None the less, barring a few industries, formal specification has seen little use in the past 25 years. Developers and software engineers offer many excuses and complaints as to why formal specification isn't suitable, isn't required, or is too hard. Many of these complaints are founded in a poor understanding of how formal specification works and how it can be used. Let's consider some of the common complaints:

But Formal Specification is Too Much Work...

Formal specification can be as much work as you choose to make it. You can do as little as adding contracts to critical functions or classes, or you can write the entire project from the top down by progressive refinement of (and verification against) a specification for which you have created formal proofs of all important properties. There is a sliding scale from a dynamically typed script with no documentation or comments, all the way up to a completely explicitly specified and proven system. You can choose the level of specificity and verification, and you can specify as much or as little of the system as you need. Formal specification covers everything from adding contracts to a couple of critical routines to complete specification of the entire project.

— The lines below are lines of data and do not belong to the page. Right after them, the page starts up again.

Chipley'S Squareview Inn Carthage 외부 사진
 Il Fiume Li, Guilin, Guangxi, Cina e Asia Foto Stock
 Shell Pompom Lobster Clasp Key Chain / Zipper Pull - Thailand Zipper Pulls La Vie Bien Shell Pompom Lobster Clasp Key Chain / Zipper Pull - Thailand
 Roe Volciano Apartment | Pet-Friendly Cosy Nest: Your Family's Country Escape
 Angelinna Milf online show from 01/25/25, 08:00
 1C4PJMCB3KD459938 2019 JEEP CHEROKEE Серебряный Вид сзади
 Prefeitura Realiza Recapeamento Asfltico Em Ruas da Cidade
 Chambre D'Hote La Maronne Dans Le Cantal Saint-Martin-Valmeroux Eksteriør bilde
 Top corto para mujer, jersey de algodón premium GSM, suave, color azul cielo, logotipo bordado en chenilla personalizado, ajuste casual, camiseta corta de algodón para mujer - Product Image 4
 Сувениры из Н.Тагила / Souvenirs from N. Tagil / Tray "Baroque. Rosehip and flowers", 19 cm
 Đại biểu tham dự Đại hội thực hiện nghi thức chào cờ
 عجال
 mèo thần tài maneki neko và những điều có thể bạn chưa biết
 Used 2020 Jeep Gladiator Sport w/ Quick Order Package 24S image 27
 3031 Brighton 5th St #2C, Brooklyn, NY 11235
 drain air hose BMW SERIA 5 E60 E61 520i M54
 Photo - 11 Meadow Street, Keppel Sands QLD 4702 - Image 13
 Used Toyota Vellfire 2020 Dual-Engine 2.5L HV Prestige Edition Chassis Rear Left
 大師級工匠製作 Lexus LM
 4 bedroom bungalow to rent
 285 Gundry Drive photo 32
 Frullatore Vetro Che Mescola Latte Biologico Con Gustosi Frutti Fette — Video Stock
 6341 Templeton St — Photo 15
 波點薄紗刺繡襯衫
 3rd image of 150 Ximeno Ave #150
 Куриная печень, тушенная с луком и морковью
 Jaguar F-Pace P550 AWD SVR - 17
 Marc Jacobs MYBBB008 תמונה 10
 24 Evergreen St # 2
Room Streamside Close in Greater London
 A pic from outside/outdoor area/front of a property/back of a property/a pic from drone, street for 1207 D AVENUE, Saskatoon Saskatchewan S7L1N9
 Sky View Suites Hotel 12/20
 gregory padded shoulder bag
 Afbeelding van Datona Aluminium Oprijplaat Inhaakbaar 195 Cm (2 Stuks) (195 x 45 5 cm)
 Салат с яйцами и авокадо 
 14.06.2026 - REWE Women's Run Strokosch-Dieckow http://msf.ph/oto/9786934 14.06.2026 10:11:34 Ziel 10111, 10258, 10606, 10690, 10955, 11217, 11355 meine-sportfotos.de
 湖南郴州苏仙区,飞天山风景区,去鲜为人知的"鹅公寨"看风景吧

Formal specification isn't necessarily significantly more work than you do now. Writing contracts is only a little more work than static typing: you are simply declaring formally what you intend the function to do, something you ought to have a clear idea of before you write the function anyway. Writing a basic specification is only a little more work that writing a design document: you are simply formalising the diagrams and comments into explicit statements. For a little extra work in the initial stages you gain considerably in debugging and testing. Extended static checking based on contracts can catch many simple errors that would otherwise go unnoticed, and debugging is significantly accelerated by the added information contracts supply about runtime errors. If you've gone to the trouble of writing a formal specification, you can statically verify properties of the system before it is even implemented. Once implemented you can validate the implementation against the specification. When performing testing you can use the specification to help determine the best coverage with the least testing.

Formal specification does work in practice, and the gains in efficiency in testing and debugging can often outweigh the potential extra overhead during design. Design by Contract, for instance, is often cited as saving time in the development process, and there are many real world success stories where systems were developed faster by using contracts. A 20 person team completed in 5 months what took a team of 100 people using standard C++ almost a year. For projects where robustness is critical, full formal specification has been used successfully. Companies like Praxis High Integrity Systems use formal methods successfully in the rail, aerospace, nuclear, finance and telecommunications industries (among others), and have sold their formal method tool-set to a variety of large companies. Reading through some of their recent work and case studies makes it clear that formal specification and verification can prove to be more efficient and faster to use.

But Formal Specification is Not Practical...

On the contrary, formal specification is used all the time in many industries, and there are various companies like Praxis High Integrity Systems, B-Core, Eiffel Software, Kind Software, and Escher Technologies who provide formal specification tools as a major part of their business.

Formal specification has proved to be practical in the real world. What it has lacked is mature tools to make development using formal specification faster and easier (try writing code without a good compiler; try doing formal specification without good static checking tools), developer awareness, and developers skilled in the languages and techniques of formal specification. It doesn't take much to learn - learning a specification language is not much harder than learning a programming language. Just as programming appears to be a difficult and daunting task to a person who doesn't know any programming languages, specification looks difficult and impractical to people who don't know specification languages. Take the time to learn and your perspective will change.

But the Project Requirements are Always Being Changed...

It is true that many projects face ever changing requirements. The question is not whether this renders formal specification useless (it doesn't) but how formal specification compares to informally specified software in such a situation.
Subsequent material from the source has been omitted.